Il modo di scrivere dell’autrice è particolare, diverso da quello che mi è capitato finora. Ha uno stile tutto suo che ho sia apprezzato che non. Non so bene come spiegarlo ma mi sono sentita attratta e allontanata da questo romanzo, e la cosa mi ha affascinata e non poco!

Sarà che siamo in Norvegia, nazione che amo, sarà che il freddo pungente sembra entrare anche nelle parole della Rovi, sarà che il distacco sentito dalla protagonista non mi sembra poi tanto anormale, ma non sono riuscita a smettere di leggerlo.

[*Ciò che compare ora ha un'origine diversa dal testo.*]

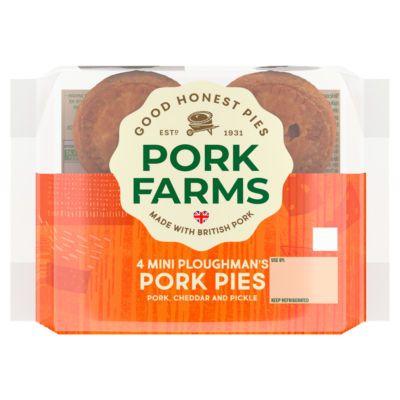 Pork Farms 4 Mini Ploughman's Pork Pies 200g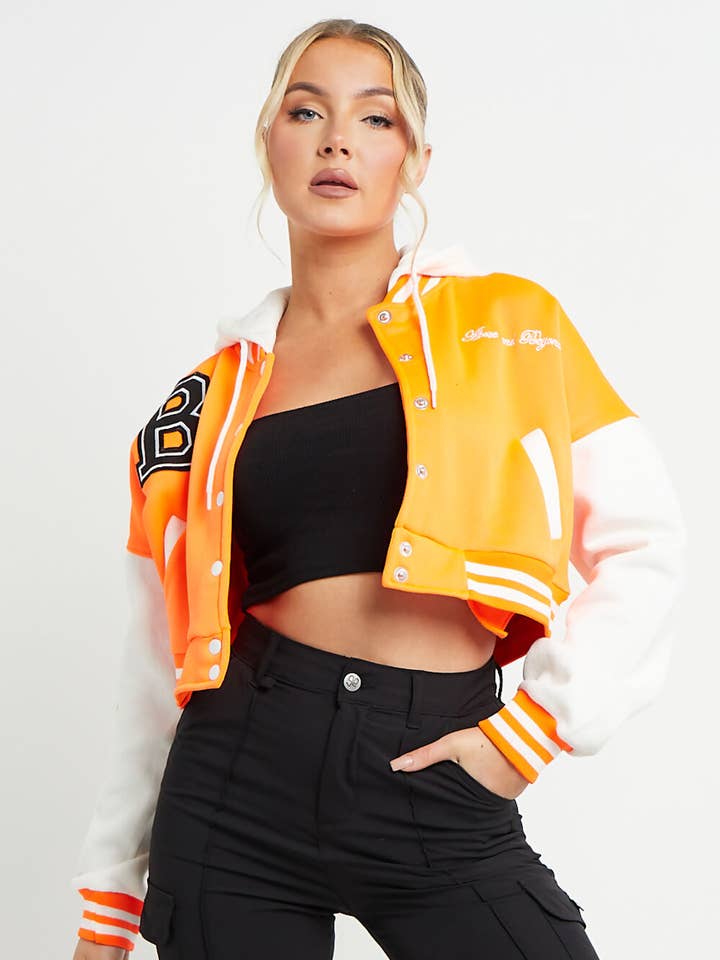 Veelkleurig Set van korte varsityjacks met capuchon voor groothandel op Faire2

Conosciamo due personaggi, principalmente: Christoffer è un ragazzo un tantino egocentrico, disegnato con parole crude e non molto lusinghiere, ma che si fa voler bene; Liva è una ragazza distaccata, sembra essere aromantica e asentimentale, ha un modo suo di voler bene, ma non riesce ad esprimere a pieno le proprie sensazioni. Lei mi ha affascinata da subito: ha un ché di autistico nel suo essere, è estremamente sincera e aspra, è malinconica e triste, ha una storia passata difficile da superare, ma non sembra voler migliorare. Ci viene presentata un po’ come una vittima di se stessa, e, avendo difficoltà a comunicare in modo usuale con gli altri, vediamo quanto per lei sia difficile fare amicizia o lasciarsi andare.

 

Durante la narrazione veniamo trasportati più volte nel presente e nel passato di entrambi i protagonisti, così da conoscere il loro mondo di provenienza. Mi sono mancate delle informazioni, però, avrei letto volentieri di più sul rapporto tra Liva e la madre e su quello tra Christoffer e il fratello. Così come avrei voluto leggere qualche ballata morta… mi è mancato quello che il titolo mi aveva promesso, ovvero la scatola delle ballate.

 

Detto questo, spero di leggere altro dell’autrice, anche per vedere come evolverà la sua scrittura.